- [DATA EXTRACT]
------------------------------------------------------------

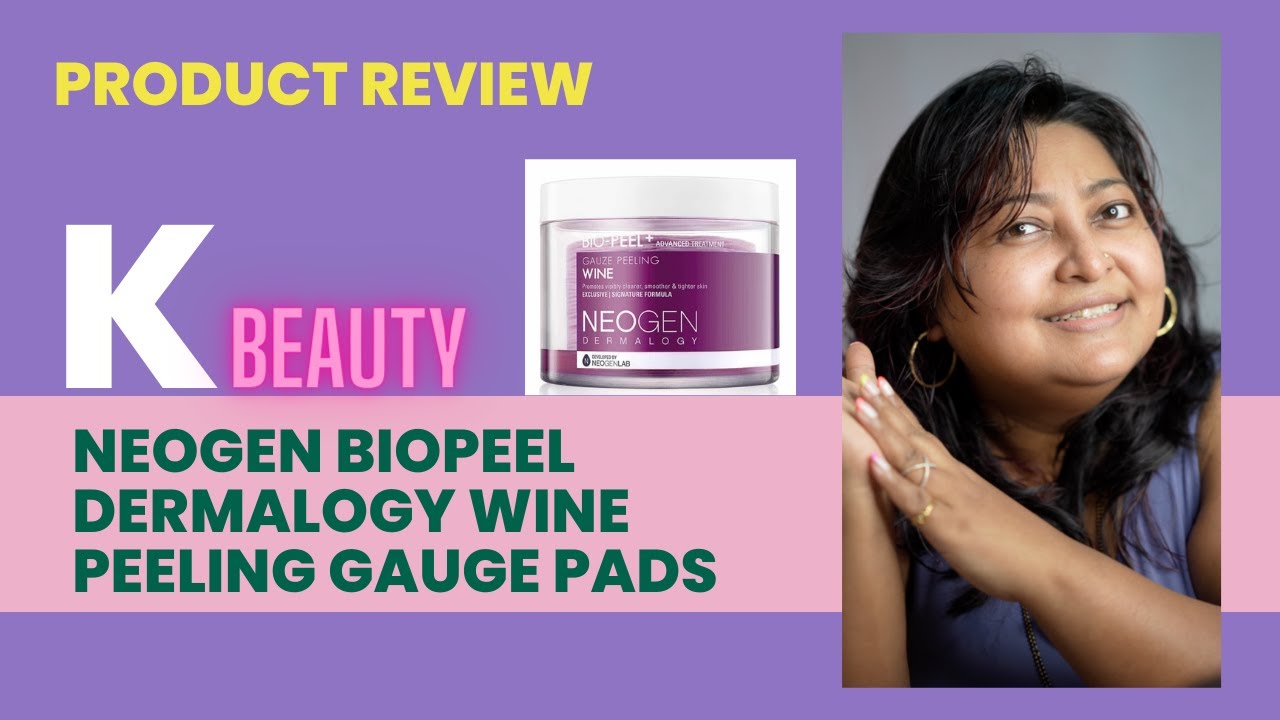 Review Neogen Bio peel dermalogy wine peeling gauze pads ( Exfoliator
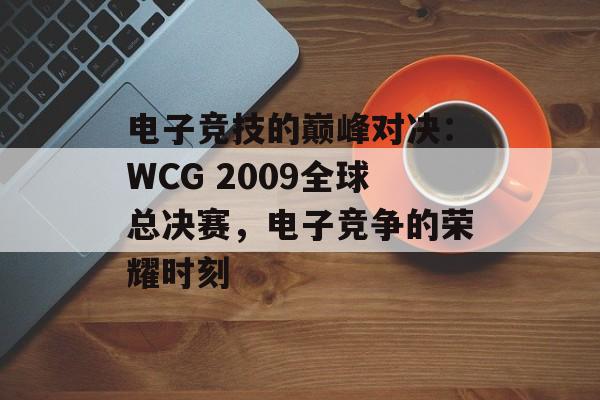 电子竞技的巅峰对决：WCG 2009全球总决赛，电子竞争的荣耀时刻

------------------------------------------------------------

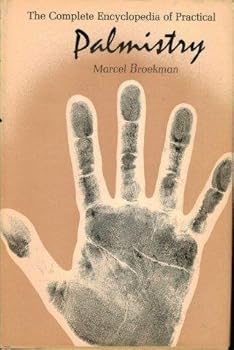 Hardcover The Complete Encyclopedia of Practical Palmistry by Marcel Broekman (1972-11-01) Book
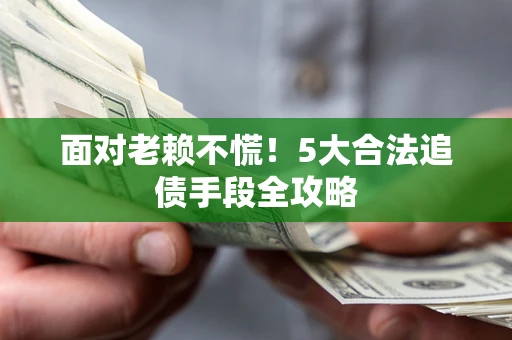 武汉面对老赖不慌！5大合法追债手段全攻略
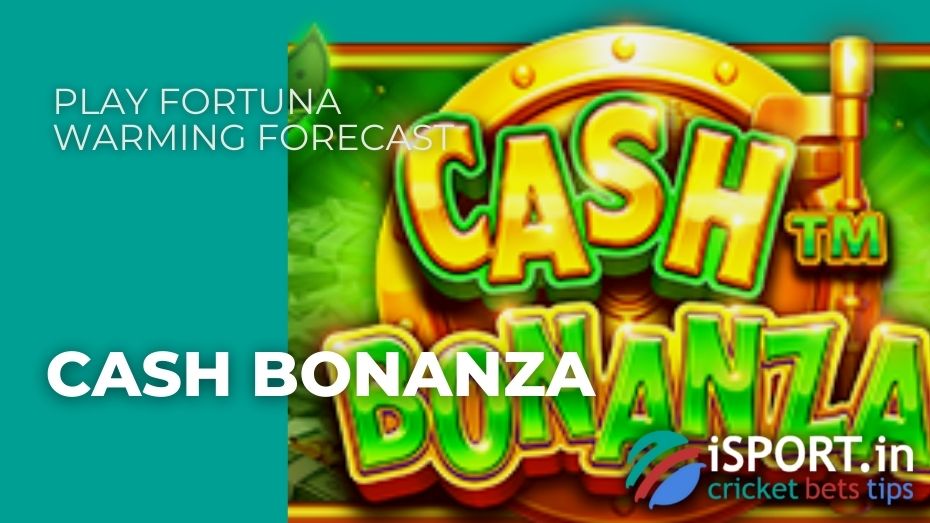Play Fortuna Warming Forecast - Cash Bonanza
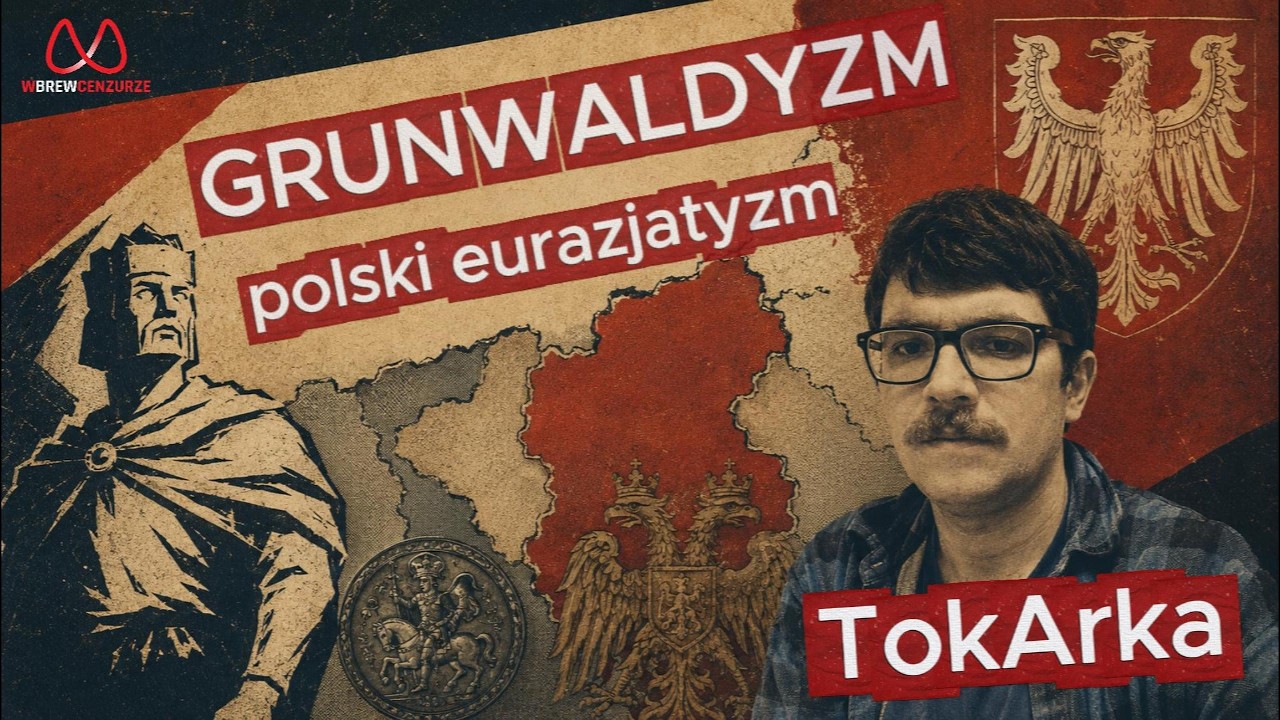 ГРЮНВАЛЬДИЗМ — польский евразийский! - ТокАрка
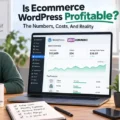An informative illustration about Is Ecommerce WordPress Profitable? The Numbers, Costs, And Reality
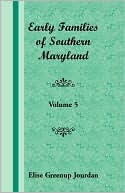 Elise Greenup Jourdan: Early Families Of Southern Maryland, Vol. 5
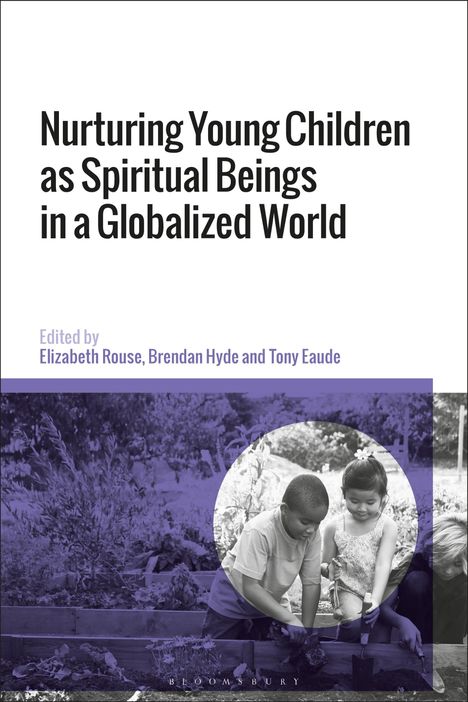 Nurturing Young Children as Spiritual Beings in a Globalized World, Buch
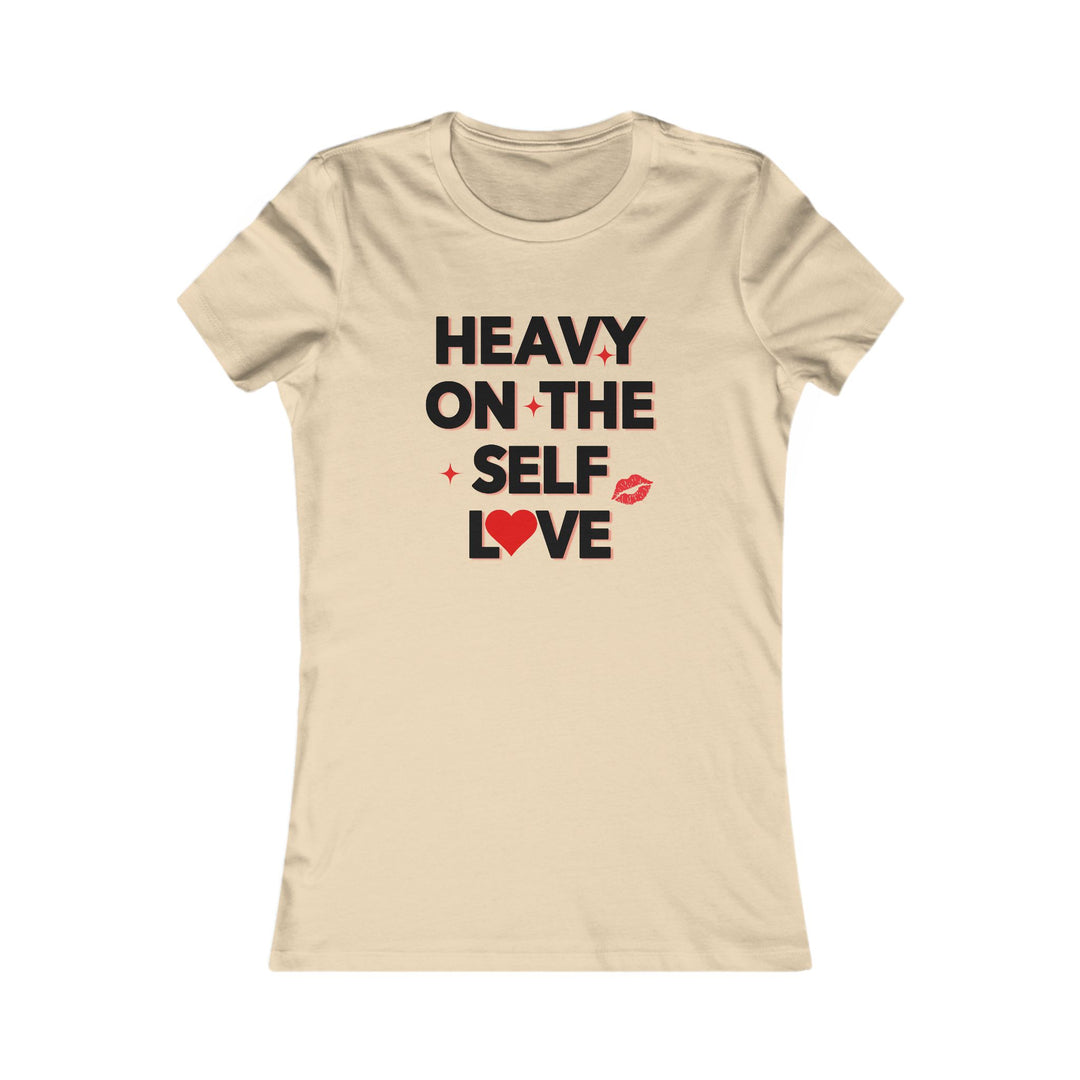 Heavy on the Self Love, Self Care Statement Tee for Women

------------------------------------------------------------

- [EXERCISE DETAILS] Output exactly the stretch of the listing that begins at the line containing "Nurturing Young Children" and ends at the line containing "Heavy on the", both kept. Omit pictures and everything else.

- [YOUR SOLUTION]
 Nurturing Young Children as Spiritual Beings in a Globalized World, Buch
 Heavy on the Self Love, Self Care Statement Tee for Women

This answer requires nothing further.